Half

We passed through a beautifully ramshackle hamlet, a handful of busted wrecks (still holding their own amongst a smattering of straight edged, kempt newer builds), some that behind their frosting of ivy gave hints of an elegant reimagining, others…well, their time is done, to time and gravity they submit.

As we left, a line of painted stones, like a preschool project, seemed to indicate that a Rubicon was being crossed. Every guide and map offers different numbers, for sections, for days, for routes, but we took this in good faith – a few photos, a few stray thoughts (what? but that means…) – and on we went.

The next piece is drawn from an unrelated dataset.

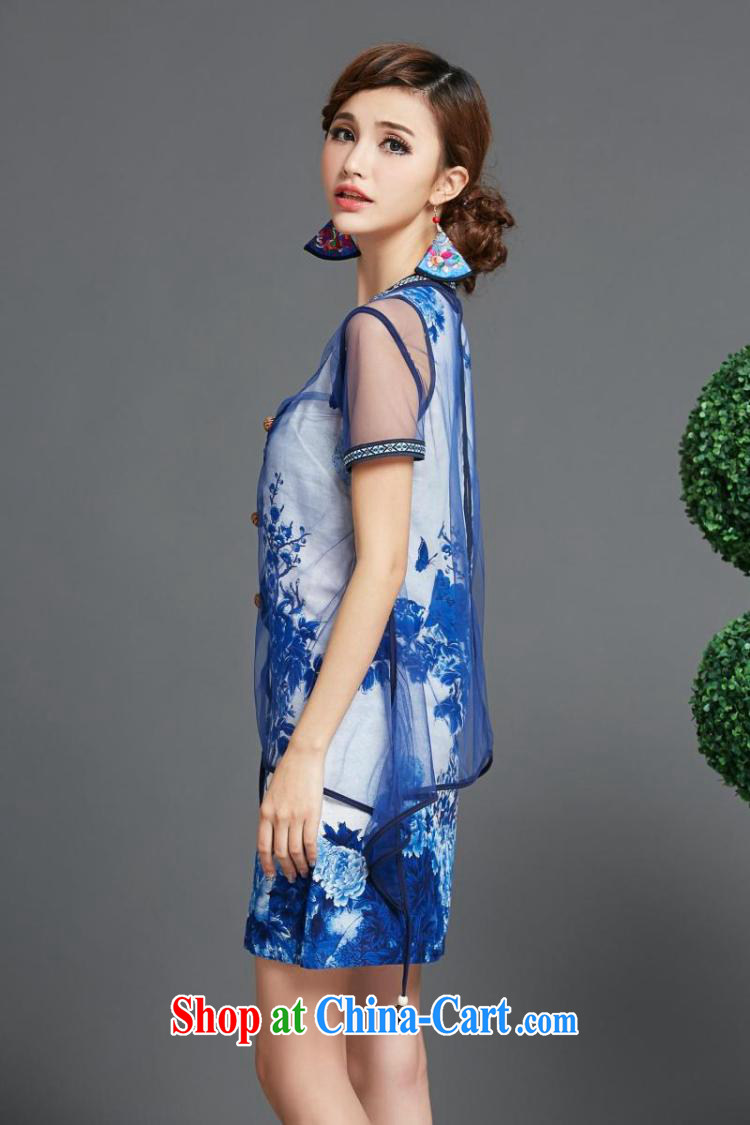 Korean honey Julia summer 2015 New National wind retro arts cheongsam Web yarn two-piece dresses DR 15,021 blue XXL pictures, price, brand platters! Elections are good character, the national distribution, so why buy now enjoy more preferential! Health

Not long after, I became aware of some inner recallibration; days had become 20-25 km chunks, each one a ticking of a clock, our destination a recognisable distance in walking time. How far has become how many days walk. We pass under and over the motorway; I watch or listen as distance is shrunk by the whizzing, roaring, humming traffic. Together we are like threads weaving together different dimensions of time and travel. I prefer the cthonic underpasses, or listening to the distant thunk, thunk as we wend along some muddy track between thirty metre concrete columns. In the silence I am among the gigantic and mysterious ruins of a lost civilization. Cthunk, cthunk.

Soon we would turn away from the coast and head towards Oviedo, an ancient capital, and the beginning of the Primitivo route.